Robert A. Sedler, a constitutional law expert and law professor at Wayne State University in Detroit, predicts that the Center for Individual Rights, which represents Gratz and the two other plaintiffs who claim they were denied admission in favor of less qualified minorities, will make a twofold argument. The first is, that the U.S. Constitution prohibits from taking race into account, and second, even if it did allow race to be considered, the Michigan plan weighs race too heavily and effectively uses a racial quota, which is unconstitutional.

Michigan, on the other hand, will have to persuade the justices that the Constitution does allow race to be used, and that its particular program is narrowly tailored enough to achieve that goal, Sedler says.

Sedler also says the court will likely revisit Bakke, the Supreme Court decision that most U.S. colleges and universities have used to craft their admissions policies for more than two decades.

Ted Shaw, associate director of the NAACP’s Legal Defense and Educational Fund Inc., which represents minority students intervening in the undergraduate case, says Bush presented the nation with “a politically adroit statement that ignores the facts and cynically manipulates White working-class concerns about access to higher education.”

Shaw also says that the president “did not take a hard-line stance in opposition to affirmative action, but he is advocating a standard that makes it impossible for colleges and universities to practice race-conscious admissions.”

Bush and other critics of affirmative action have suggested that Michigan consider other alternatives that do not take into consideration an applicant’s race. Texas, California and Florida are the three states that have tried a “percentage plan” based upon high-school class rank for admission to their public universities. Under these plans, a fixed percentage of the graduating class of each high school in the state is guaranteed admission to one or more universities in the state system. The plans are intended to replace race-conscious admissions systems while still achieving the goal of racial diversity in the student body.

Michigan’s President Coleman says the problem with percentage plans is they select students only on the basis of their high-school grades, ignoring leadership abilities, activities and teacher recommendations.

“The percentage plans that some states have tried to achieve diversity in admissions would not work for Michigan, nor for most other colleges and universities in the country,” Coleman said in response to Bush’s announcement on affirmative action. “There is no substitute for the careful consideration of race as one of many factors in a competitive admissions process.
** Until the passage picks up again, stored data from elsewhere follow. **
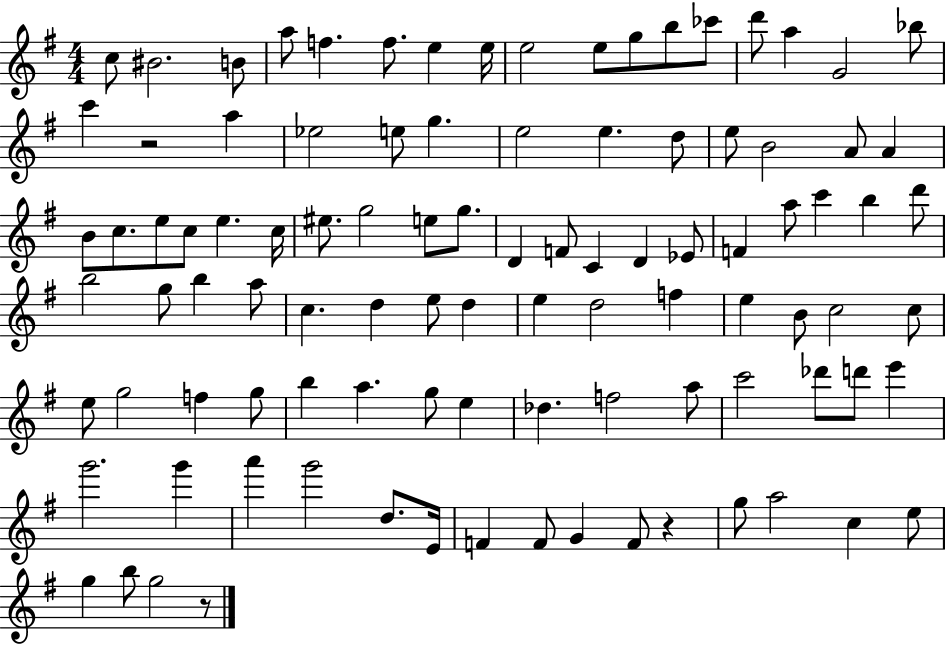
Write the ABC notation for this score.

X:1
T:Untitled
M:4/4
L:1/4
K:G
c/2 ^B2 B/2 a/2 f f/2 e e/4 e2 e/2 g/2 b/2 _c'/2 d'/2 a G2 _b/2 c' z2 a _e2 e/2 g e2 e d/2 e/2 B2 A/2 A B/2 c/2 e/2 c/2 e c/4 ^e/2 g2 e/2 g/2 D F/2 C D _E/2 F a/2 c' b d'/2 b2 g/2 b a/2 c d e/2 d e d2 f e B/2 c2 c/2 e/2 g2 f g/2 b a g/2 e _d f2 a/2 c'2 _d'/2 d'/2 e' g'2 g' a' g'2 d/2 E/4 F F/2 G F/2 z g/2 a2 c e/2 g b/2 g2 z/2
No alternatives can achieve the goal of a diverse student body while maintaining the high academic standards for which we strive.”
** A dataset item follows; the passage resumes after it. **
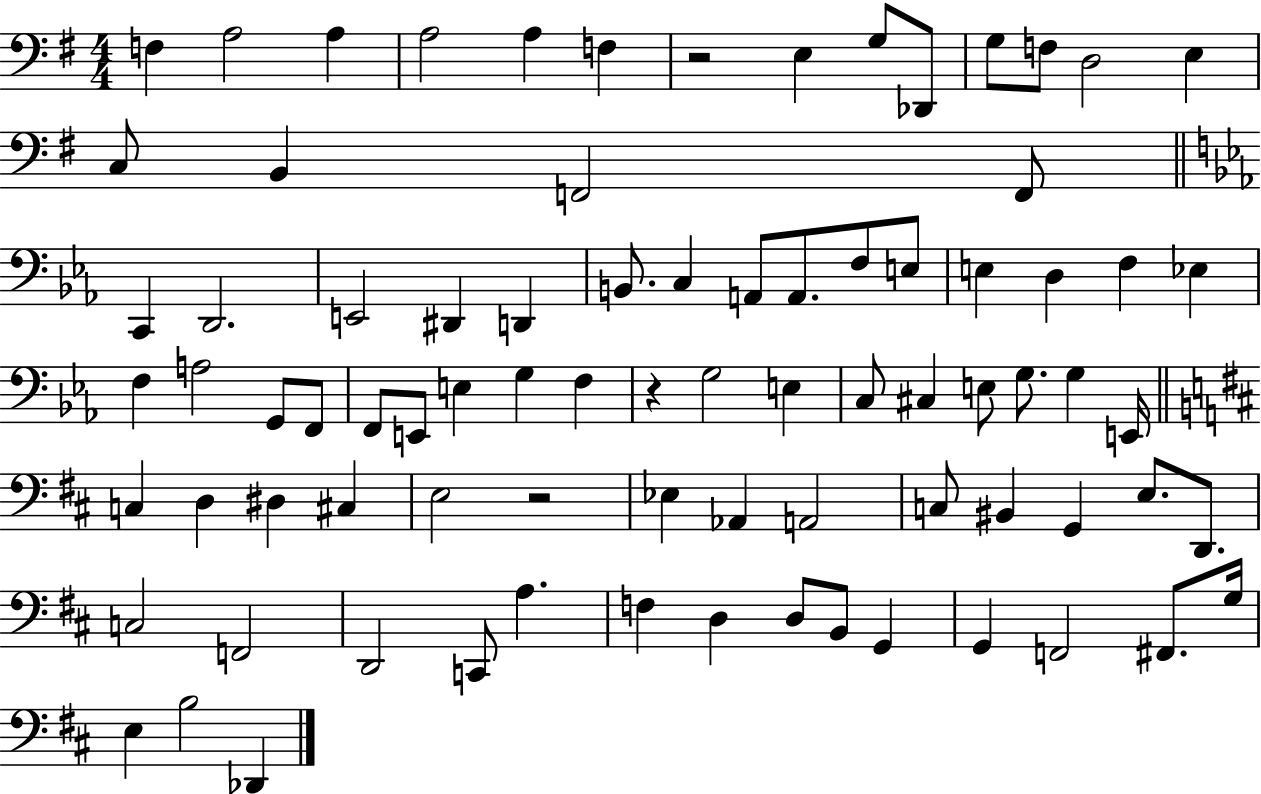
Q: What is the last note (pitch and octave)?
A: Db2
But those who oppose affirmative action say percentage plans are better because they rely solely on grades.

“They extend a helping hand to all disadvantaged people, not just those of certain races,” says Levey of the Center for Individual Rights.

Sedler says if Michigan is forced to use a percentage plan it would drastically change the make-up of its undergraduate student body.

“It wouldn’t be U of M anymore,” he says. “You would have students who might be in the top 20 percent of their class at an average high school but still not have 900 on the SAT. Under a percentage plan, that person would be guaranteed admission to U-M.”

Such a plan also could hurt White students who attend highly competitive schools, Sedler says. They might be strong students, but still not in the top 20 percent of their class, and could lose out on spots to other White students who rank high at a sub-par high school.

Lawyers for the University of Michigan say there are other reasons percentage plans would not work:

l The demographics of each state are different, and the results of these plans in various states would be uneven at best.

l The plans take away the judgment of educators as to whether individual students are academically qualified for the level of work required at each college. Students in the top 10 percent of failing schools may be unprepared for college-level work and may require remedial support.

l Plans that rely solely on class rank encourage students to avoid hard classes and more competitive schools at the high-school level, in order to superficially improve their grade point average and class rank.

l The plans only work for universities that admit primarily from a statewide population. Public and private colleges and universities that recruit students from a national and international pool cannot apply this model to select their student bodies. At Michigan, for example, one-third of the student body comes from outside the state, and most of the Latino students who enroll are not Michigan residents. Over half of the applicants for Michigan’s freshman class are from out of state, while only 11 percent of applicants to the University of Texas at Austin are nonresidents.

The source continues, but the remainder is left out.